The replacement for WAL 512 at the Ambrose station was LV 111/WAL 533, which came from a discontinued station at Northeast End in New Jersey. The diesel-powered WAL 533, with five officers and ten crewmembers aboard, was 132 feet long and had been built in 1926.
On September 21, 1938, one of the century’s worst hurricanes hit New England, causing loss of life and damage to a number of lighthouses in the region. Ambrose Lightship was in an extremely vulnerable position. At 8 a.m. that day, the wind was blowing at force 3, and the barometer was falling rapidly. At 10 a.m., the tender Spruce delivered mail and provisions as usual, ignoring the winds that were up to force 5. The lightship’s captain ordered all equipment and boats on deck secured, and the crew went below to wait out the storm. By 2 p.m., the winds were force 9 and the barometric pressure was 28.66. When the winds reached force 11 (65-75 mph), the captain wrote in the ship’s log, “Full storm forces with heavy rains. Vessel riding storm very easily.” WAL 533 somehow managed to come out of the hurricane with no major damage.
The lightship remained on duty throughout World War II. German U-boats never bothered the ship, probably since it helped them navigate the waters in the area. However, on January 3, 1944, the nearby destroyer USS Turner was hit by two torpedoes, which in turn exploded the warship’s magazines and sank the vessel in sixty feet of water.

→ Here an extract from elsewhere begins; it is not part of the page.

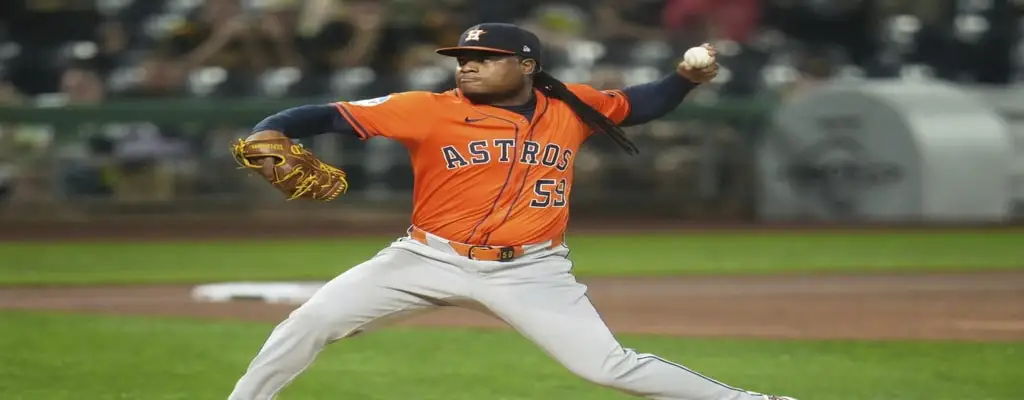 Houston Astros vs Philadelphia Phillies Picks and Predictions June 26th 2025 3 Houston Astros pitcher in orange jersey delivering a pitch during a night game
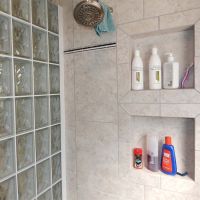 Shampoo and lotion niches in a ceramic tile shower - Innovate Building Solutions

The permanent replacement at the Ambrose station was WLV 613, which was brand new at the time. It was 126 feet long, and its diesel engine had a top speed of 10.5 knots. Two 375mm electric lenses were mounted on the foremast, with a twin diaphone fog signal aft of the pilothouse. A relief lightship, serving on the station for WLV 613 in June 1960, was rammed by the freighter Green Bay at 4 a.m. one morning. The lightship received a twelve-foot gash in its starboard midsection, and the crew had just a few minutes to scramble aboard an inflatable raft and paddle away with their hands to escape the vortex caused by the sinking lightship. The vessel was a popular dive spot for many years, but a buildup of silt has degraded the site.

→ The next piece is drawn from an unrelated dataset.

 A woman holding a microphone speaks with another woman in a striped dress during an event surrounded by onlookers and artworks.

In 1967, a skeleton tower replaced the WLV 613. This Texas-style platform reached ninety feet above the water, and its four supporting legs were driven 190 feet into the sea bottom. Its flashing white light could be seen for twenty-four miles. Four coastguardsmen were stationed aboard the tower until it was automated in 1988.

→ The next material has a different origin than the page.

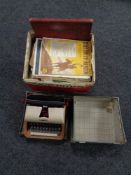 A vintage Lilliput typewriter together with a box containing a large quantity of sheet music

The Coast Guard provided the following description of Ambrose Light Tower:
The new tower sites in 74 feet of water at the entrance to New York Harbor approximately 7 miles east of Sandy Hook, N.J. The superstructure is painted red with the exception of the radiobeacon antenna, which is painted according to FAA requirements. The quarters in the upper deck are painted white; below that the structure is black.
The main beacon, which has a focal plane of about 136 feet above water, operated at a high intensity of six million candlepower and at a lot intensity of 600,000 candlepower. It has a visibility of 18 miles.
In 1996, the Aegeo, a Bahamian-registered oil tanker, struck Ambrose Tower on a crystal clear night. Although the tower was not operational that evening, the captain of the tanker was found at fault. Damaged beyond repair, the tower was removed in 1999 and replaced by a three-legged tower positioned 1.5 miles from the old site where it would presumably be safe from further collisions. Such was not the case, as the 492-foot Kouros V plowed into the tower in January 2001. The ship’s owners were required to post a $3 million dollar bond to repair the tower.
The first Ambrose Lightship, WAL 512, is now docked at the South Street Seaport Museum in New York City. In January 2012, the lightship sailed over to Staten Island where it was dry docked for the first time in twenty-three years. The vessel received several layers of epoxy paint below the water line and a new coat of Signal Red paint above the water line before returning to the museum in early March.